Meet Elastic Seach (P1)

Tram Ho

Introducing Elastic Search

Elastic Search is an optimal database for searching. Elastic Search comes with Kibana, Logstash forming ELK Stack which is highly appreciated in the field of search engine, log. So this series of articles will help you get acquainted with this technology, starting from environment installation to code.

Install the environment

To simplify the installation process, I will install Elastic Search on docker.
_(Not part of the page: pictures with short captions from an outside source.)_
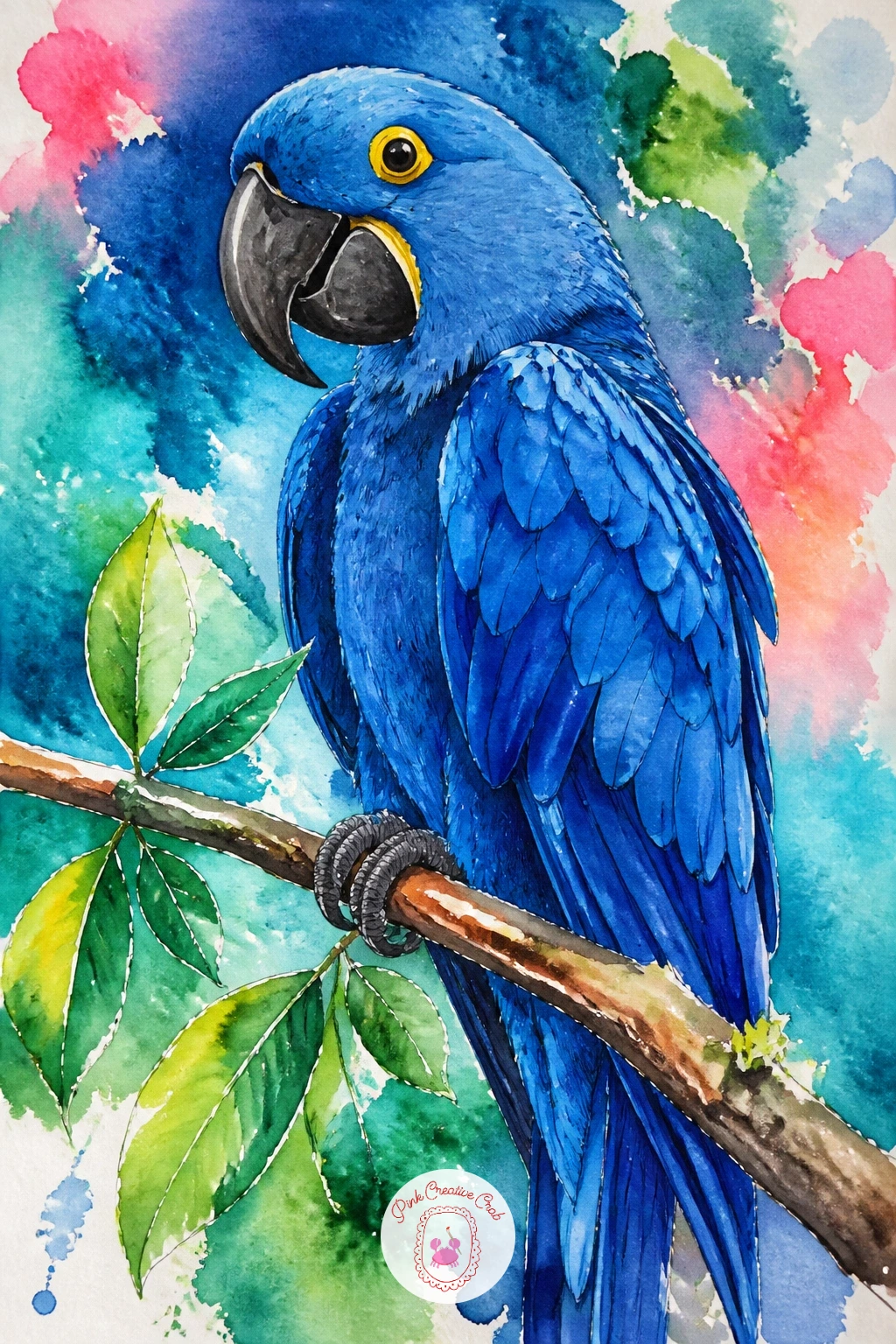 Hyacinth Macaw In Blue — A hyacinth macaw gives you a reason to really explore blue, since its whole body runs from deep cobalt through to a paler sky shade.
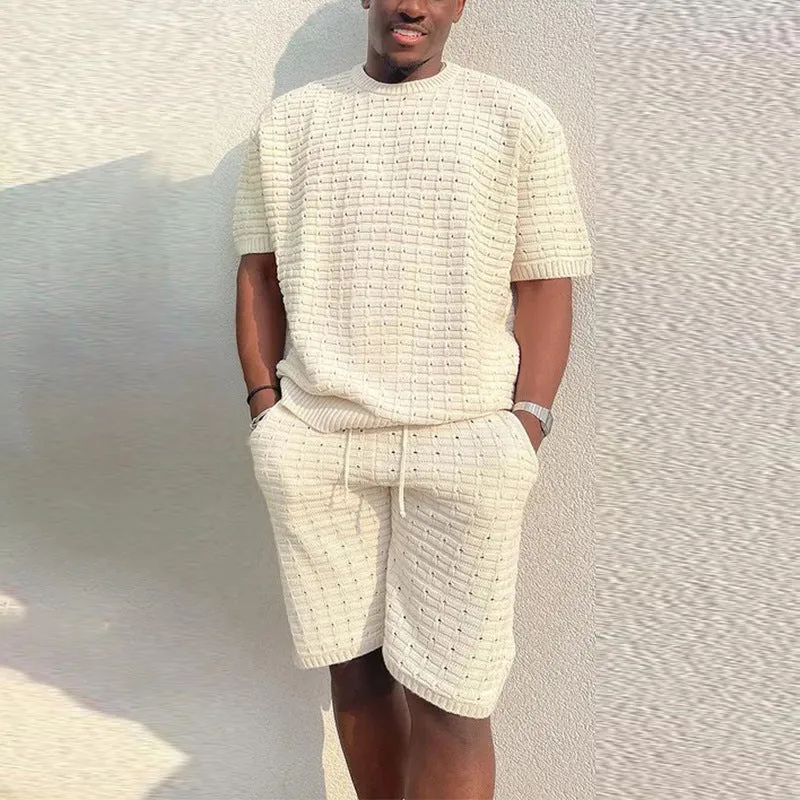 Men's summer suit two-piece outfit with loose fit shirt and shorts in polyester, multiple colours available
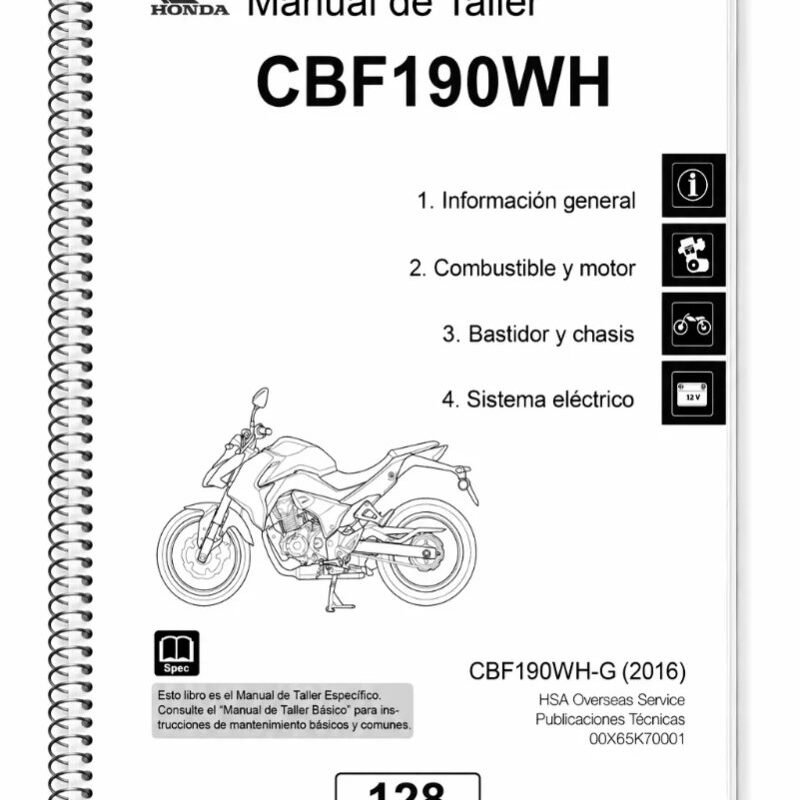 Manual Taller Honda CBF190WH 2016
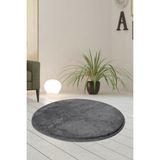 Sarar Yuvarlak Post Peluş Banyo Paspas Takımı Antrasit 100 x 100 cm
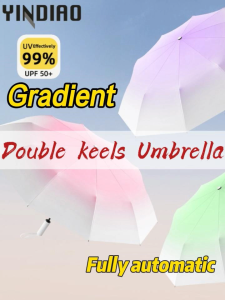 YINDIAO Automatic Umbrella 24 Ribs Gradient Color Double keels Bone Anti-ultraviolet Sunscreen Automatic Umbrella Anti-storm Large Rain Folding Umbrella Parasol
Create a docker network

Create the elaticsearch container.

Create a kibana container.

If you are familiar with docker then the two commands above are completely familiar. The simple explanation is that we will pull the elasticsearh image back to the machine, attach it to a network named elasticnet and expose port 9200 on the host machine, and the same is true of kibana.

From next time on, to run the environment, simply typing on the console is easy to start up elasticsearch and kibana.
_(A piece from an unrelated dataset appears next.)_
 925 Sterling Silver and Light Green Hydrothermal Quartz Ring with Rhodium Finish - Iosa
Check if the container is running or not

It is successful if there are two containers, elasticsearch and kibana. Go to http: // localhost: 9200 to make sure Elastic Search server is up and running.

Manipulating with Elasticsearch on a kibana devtool.

Access to devtool on kibana: http: // localhost: 5601 / app / kibana # / dev_tools / console

Create an index named person (it can be considered creating a table in other databases). Note the lowercase index name.

Create a record on Elastic search with index person.

Result

You can see that the record’s key field is _id. To update the record, use PUT.

The command to get all records

Result

It can be seen that each record returned will have the score shown in the _score field, with this field we can see the match of the result with the search condition. In the case of all, _score equals 1.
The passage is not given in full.